=== PROVIDED MATERIAL ===

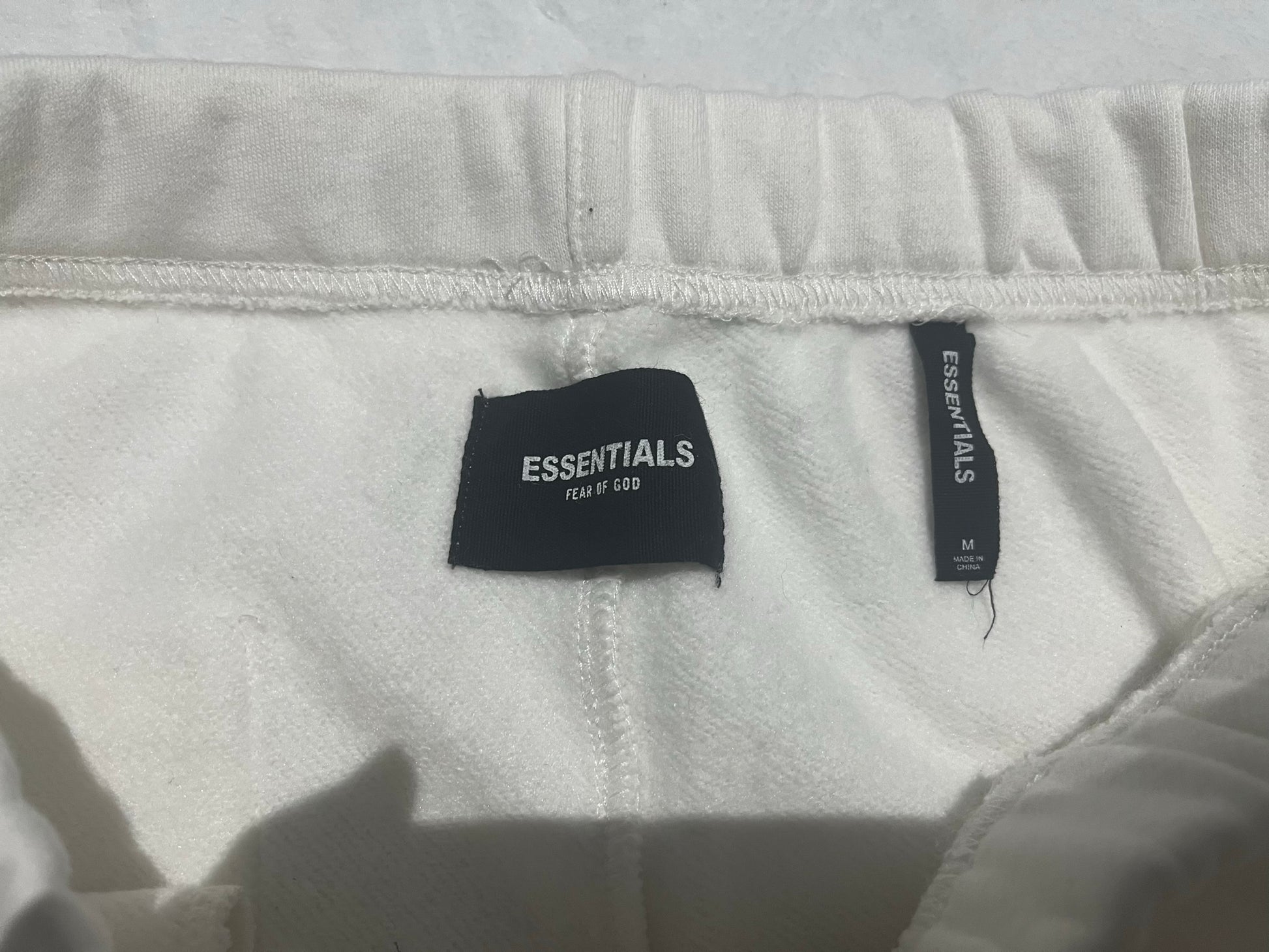 fear-of-god-essentials-sweat-shorts-white-4-Drip Store Argentina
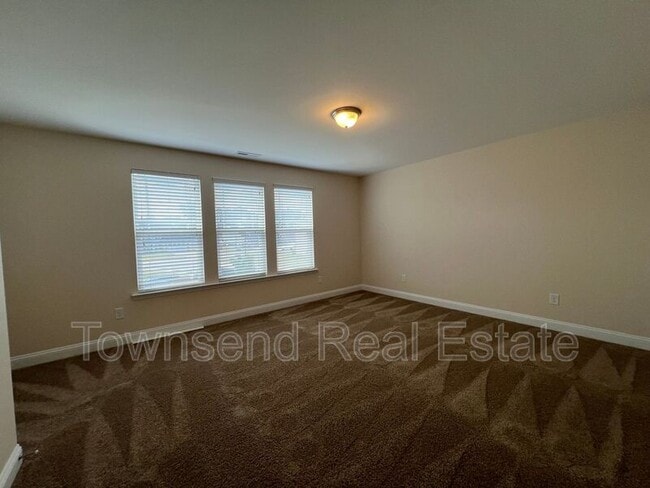 Building Photo - 4411 Low Oak Ct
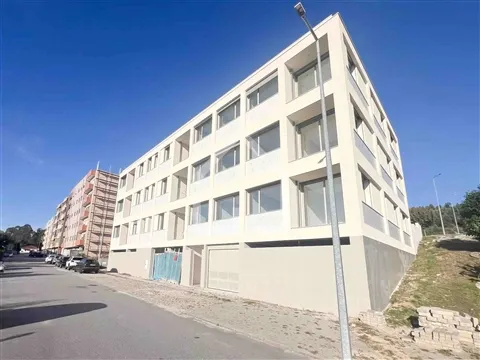 T3 Novo São João de Ver | Jardim Privado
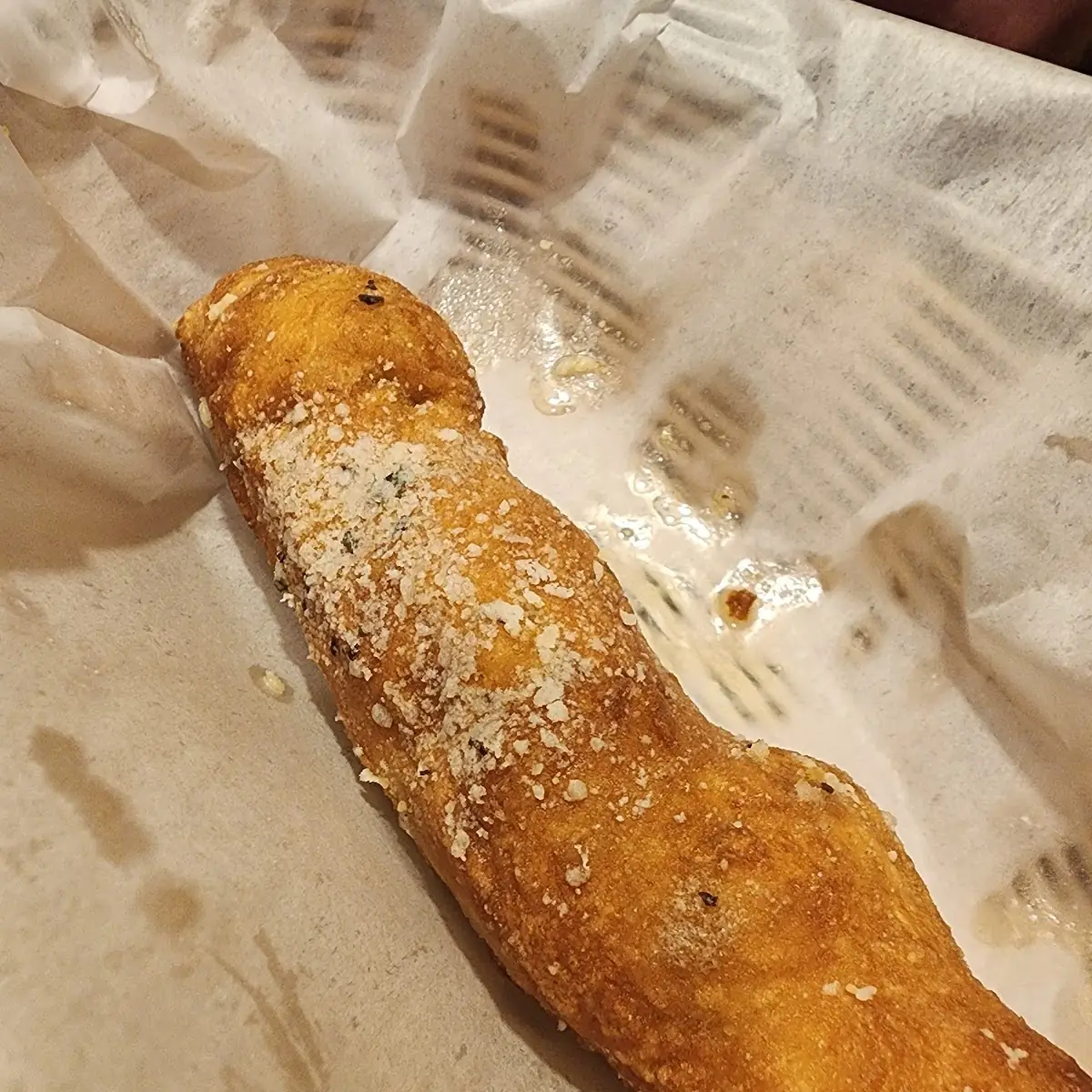 Mezzaluna Garlic Cheese Bread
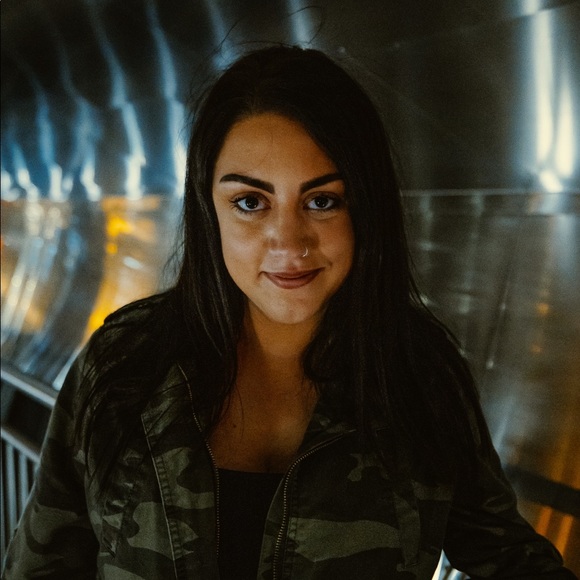 Meet your Posher, Chelsea - Picture 3 of 15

===

An exact copy of the lines from the line containing "T3 Novo São João de Ver | Jardim Privado" through the final line of the listing, without pictures, is the expected result.

• _SOLUTION_
 T3 Novo São João de Ver | Jardim Privado
 Mezzaluna Garlic Cheese Bread
 Meet your Posher, Chelsea - Picture 3 of 15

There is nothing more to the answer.